🤖 AI Summary
To address myopic scheduling decisions in large-scale on-demand ride-pooling systems—which optimize only immediate matchings while neglecting long-term vehicle distribution and demand dynamics—this paper proposes a simulation-augmented non-myopic reinforcement learning (RL) framework. It is the first to embed a high-fidelity ride-pooling simulator into the RL training loop to enable accurate long-horizon reward evaluation. Methodologically, we design an n-step temporal difference learning scheme that jointly optimizes passenger matching and vacant-vehicle rebalancing policies, and learn spatiotemporal state-value functions using real taxi request data from New York City.

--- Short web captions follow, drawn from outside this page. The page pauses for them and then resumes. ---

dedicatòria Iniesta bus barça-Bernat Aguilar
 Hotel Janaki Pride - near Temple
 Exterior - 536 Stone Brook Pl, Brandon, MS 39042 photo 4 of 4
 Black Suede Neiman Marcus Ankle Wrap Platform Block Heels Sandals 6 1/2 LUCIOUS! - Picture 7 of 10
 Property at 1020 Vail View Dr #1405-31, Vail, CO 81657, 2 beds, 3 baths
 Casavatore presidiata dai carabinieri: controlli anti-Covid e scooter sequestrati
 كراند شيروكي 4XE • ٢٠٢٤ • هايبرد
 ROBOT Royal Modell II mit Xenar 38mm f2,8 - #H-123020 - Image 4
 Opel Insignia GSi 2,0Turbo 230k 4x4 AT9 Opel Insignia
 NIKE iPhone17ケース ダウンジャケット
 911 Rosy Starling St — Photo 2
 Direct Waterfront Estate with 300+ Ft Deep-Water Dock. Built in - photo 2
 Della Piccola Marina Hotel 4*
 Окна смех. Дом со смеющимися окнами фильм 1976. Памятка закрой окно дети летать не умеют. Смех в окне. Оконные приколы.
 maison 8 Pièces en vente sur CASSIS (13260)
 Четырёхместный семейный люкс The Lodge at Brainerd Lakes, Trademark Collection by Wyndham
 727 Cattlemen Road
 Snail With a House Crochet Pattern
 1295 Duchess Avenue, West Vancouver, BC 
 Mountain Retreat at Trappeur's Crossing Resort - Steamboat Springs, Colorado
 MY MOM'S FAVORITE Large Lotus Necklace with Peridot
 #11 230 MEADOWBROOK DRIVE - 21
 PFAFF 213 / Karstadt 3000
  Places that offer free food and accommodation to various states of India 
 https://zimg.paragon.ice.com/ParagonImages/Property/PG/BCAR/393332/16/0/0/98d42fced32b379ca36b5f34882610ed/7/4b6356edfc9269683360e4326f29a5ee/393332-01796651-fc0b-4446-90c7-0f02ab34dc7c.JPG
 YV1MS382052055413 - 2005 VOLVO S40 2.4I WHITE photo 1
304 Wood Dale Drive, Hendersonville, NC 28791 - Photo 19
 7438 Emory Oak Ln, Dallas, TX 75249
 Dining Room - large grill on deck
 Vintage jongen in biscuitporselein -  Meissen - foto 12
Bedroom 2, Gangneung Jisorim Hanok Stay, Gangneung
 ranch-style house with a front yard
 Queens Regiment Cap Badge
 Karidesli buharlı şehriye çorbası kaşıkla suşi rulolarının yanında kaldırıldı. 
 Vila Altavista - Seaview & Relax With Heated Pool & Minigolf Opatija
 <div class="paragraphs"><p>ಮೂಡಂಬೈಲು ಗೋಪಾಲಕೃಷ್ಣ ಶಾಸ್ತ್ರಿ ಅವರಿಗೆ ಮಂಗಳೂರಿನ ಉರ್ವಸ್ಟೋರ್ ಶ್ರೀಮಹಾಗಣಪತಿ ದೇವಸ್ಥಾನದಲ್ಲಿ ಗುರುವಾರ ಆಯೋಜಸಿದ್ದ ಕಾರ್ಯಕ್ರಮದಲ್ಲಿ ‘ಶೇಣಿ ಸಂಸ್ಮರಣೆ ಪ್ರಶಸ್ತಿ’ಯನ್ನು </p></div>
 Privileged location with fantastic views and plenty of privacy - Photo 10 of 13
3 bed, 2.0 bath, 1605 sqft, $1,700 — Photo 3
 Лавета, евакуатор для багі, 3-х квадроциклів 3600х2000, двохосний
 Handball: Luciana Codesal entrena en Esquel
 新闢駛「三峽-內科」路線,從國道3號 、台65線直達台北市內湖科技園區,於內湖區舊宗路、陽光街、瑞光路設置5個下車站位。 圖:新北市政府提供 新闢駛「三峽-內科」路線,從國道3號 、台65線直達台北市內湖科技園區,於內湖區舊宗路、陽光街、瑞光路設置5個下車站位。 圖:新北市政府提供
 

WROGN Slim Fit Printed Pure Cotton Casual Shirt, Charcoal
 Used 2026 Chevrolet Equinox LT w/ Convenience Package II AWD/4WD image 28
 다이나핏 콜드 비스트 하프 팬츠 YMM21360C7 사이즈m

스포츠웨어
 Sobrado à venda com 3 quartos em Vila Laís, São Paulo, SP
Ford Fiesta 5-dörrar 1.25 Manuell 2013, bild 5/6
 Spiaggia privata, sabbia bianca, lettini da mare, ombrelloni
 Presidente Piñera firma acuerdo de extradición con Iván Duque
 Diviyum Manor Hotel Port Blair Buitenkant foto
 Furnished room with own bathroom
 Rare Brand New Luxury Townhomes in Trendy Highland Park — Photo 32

Experiments demonstrate that, compared to myopic baselines, our approach improves service rate by 8.4%, reduces average waiting and in-vehicle travel times, and enables fleet size reduction by over 25%. With coordinated rebalancing, service rate further increases by 15.1% and waiting time decreases by 27.3%.
📝 Abstract
Ride-pooling, also known as ride-sharing, shared ride-hailing, or microtransit, is a service wherein passengers share rides. This service can reduce costs for both passengers and operators and reduce congestion and environmental impacts. A key limitation, however, is its myopic decision-making, which overlooks long-term effects of dispatch decisions. To address this, we propose a simulation-informed reinforcement learning (RL) approach. While RL has been widely studied in the context of ride-hailing systems, its application in ride-pooling systems has been less explored. In this study, we extend the learning and planning framework of Xu et al. (2018) from ride-hailing to ride-pooling by embedding a ride-pooling simulation within the learning mechanism to enable non-myopic decision-making. In addition, we propose a complementary policy for rebalancing idle vehicles. By employing n-step temporal difference learning on simulated experiences, we derive spatiotemporal state values and subsequently evaluate the effectiveness of the non-myopic policy using NYC taxi request data. Results demonstrate that the non-myopic policy for matching can increase the service rate by up to 8.4% versus a myopic policy while reducing both in-vehicle and wait times for passengers. Furthermore, the proposed non-myopic policy can decrease fleet size by over 25% compared to a myopic policy, while maintaining the same level of performance, thereby offering significant cost savings for operators. Incorporating rebalancing operations into the proposed framework cuts wait time by up to 27.3%, in-vehicle time by 12.5%, and raises service rate by 15.1% compared to using the framework for matching decisions alone at the cost of increased vehicle minutes traveled per passenger.